__Exercise directions__
Would you please return the data below verbatim, without its pictures?

__Given data__
━━━

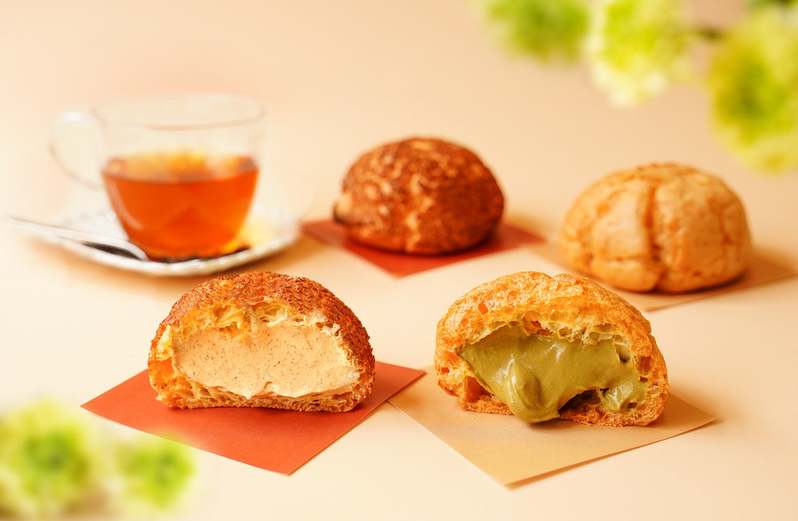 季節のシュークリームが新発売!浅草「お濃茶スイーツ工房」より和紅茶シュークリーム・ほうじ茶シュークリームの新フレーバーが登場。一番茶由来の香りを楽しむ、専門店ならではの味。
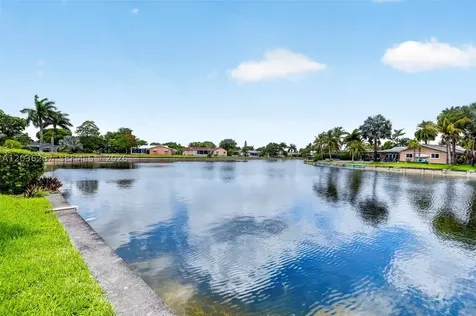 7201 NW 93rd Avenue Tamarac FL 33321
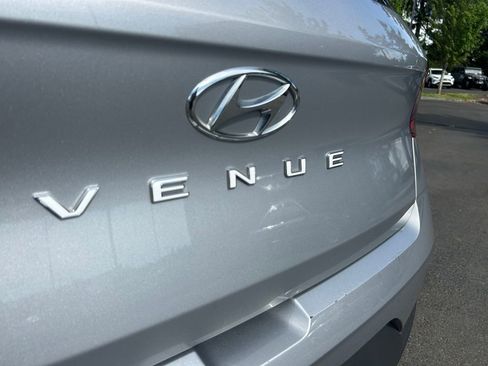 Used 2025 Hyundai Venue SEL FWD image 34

━━━

__Answer box__
 季節のシュークリームが新発売!浅草「お濃茶スイーツ工房」より和紅茶シュークリーム・ほうじ茶シュークリームの新フレーバーが登場。一番茶由来の香りを楽しむ、専門店ならではの味。
 7201 NW 93rd Avenue Tamarac FL 33321
 Used 2025 Hyundai Venue SEL FWD image 34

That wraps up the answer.